J’avoue ne pas bien savoir d’où le mot vient. À peine si je sais qu’il a servi dans le langage des géologues, et qu’il continue d’ailleurs. Je vous renvoie à un colloque canadien remarquable, tenu en 1992, et qui amène à l’histoire que je vais vous conter (ici). Il s’agissait à cette occasion de faire le point, avec des Portugais, sur une manière de restituer aux sols dégradés par l’agriculture intensive et ses diverses pestes chimiques la fertilité sans laquelle nous ne saurions vivre. En cette occurrence, par le « bois raméal fragmenté » ou BRF. En deux mots, ce dernier consiste à broyer finement du bois venu des arbres, arbustes et arbrisseaux proches, de la forêt, des fagots et restes en toutes formes. Ce broyat se révèle être, pour des raisons complexes qui me sont en partie mystérieuses, un magicien. Toute magie a ses limites, nous sommes d’accord, mais le BRF est capable d’authentiques prouesses.

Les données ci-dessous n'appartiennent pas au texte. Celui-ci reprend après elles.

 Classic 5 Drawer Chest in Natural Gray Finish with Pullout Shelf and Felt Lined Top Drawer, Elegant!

Mais est-ce bien de lui que je veux vous parler ? Eh bien non, désolé de vous avoir emmené sur ce chemin de traverse. Mon sujet s’appelle Zoram Naagtaaba, mais aussi Filly Wemanegre, Tenkeega, sans oublier Terre Verte. Trois noms burkinabé, comme vous n’aurez pas manqué de le remarquer. Et un quatrième français, semble-t-il. Les premiers sont chacun une association du Burkina Faso, État si pauvre de l’Afrique de l’Ouest. Et le dernier une structure de soutien française créée le 23 avril 1989 à Landrecies (Nord), dans une région qui connaît le sens du mot solidarité.

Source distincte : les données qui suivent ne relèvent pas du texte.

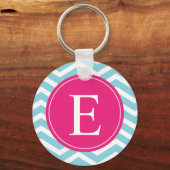Porte-clés Bleu blanc Chevron rose clair Monogramme (Recto)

En cette année 1989, seule Zoram Naagtaaba existait déjà. Cette association a été lancée pour servir de cadre juridique à une ferme sahélienne pilote, Guiè. Mais j’entends déjà des questions sur le Sahel, et je m’empresse d’y répondre. Le Sahel – en arabe – ???? -, le mot signifie lisière, côte, frontière – est une immense bande qui relie la mer Rouge à l’Atlantique, marquant une transition climatique, pluviométrique, floristique entre le géant saharien et les savanes plus au sud, où il pleut encore abondamment. Cette ceinture s’étend sur environ trois millions de km2. Et se trouve soumise à des caprices météorologiques qui paraissent de plus en plus graves.

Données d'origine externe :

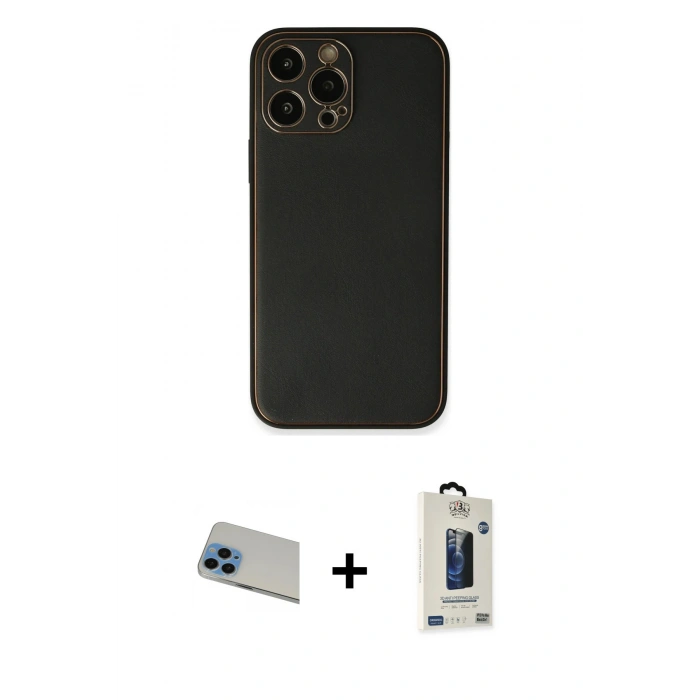 MARSİLYAN™- iPhone 13 Pro Max Kılıf Yadigar Klasik - Siyah Bilvis Hayalet Cam Ekran Koruyucu + Rainbow Kamera Lens Koruma Cam - MI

En fait, c’est presque simple. Le Sahara, jadis verdoyant et accueillant aux activités humaines, est devenu le plus vaste désert chaud de notre monde. Les hommes et leurs pratiques, dont l’écobuage – qui consiste à brûler la végétation arborée pour obtenir de l’herbe à bétail l’année suivante – ont leur part dans ce désastre. Quoi qu’il en soit, les peuples installés plus au sud, dans ce Sahel aux pluies incertaines, ont continué à pratiquer surpâturage et déboisement, entraînant sans cesse une aggravation de la situation. Allons droit au but : le Sahel est une zone clé de la crise écologique planétaire.

Et c’est ici que des hommes simples mais d’exception ont décidé d’agir. Je ne sais pas la répartition de tous les rôles, mais je reçois des nouvelles régulières des réalisations de cette belle équipe, par la voie électronique. Vous pouvez d’ailleurs en faire autant (ici). Pour ce que je comprends, il y a au point de départ rencontre entre des paysans burkinabè et un Français, Henri Girard, agronome vivant depuis des lustres au Burkina. Dans une, puis deux, trois fermes enfin, les associés démontrent sur le terrain l’efficacité miraculeuse de techniques au service des hommes. Lesquelles reposent notamment sur la création d’un périmètre bocager, ou wégoubri dans la langue mooré. C’est-à-dire un paysage agricole équilibré, où les champs sont délimités et protégés par des haies vives boisées. Incluant parcelles privées et communs.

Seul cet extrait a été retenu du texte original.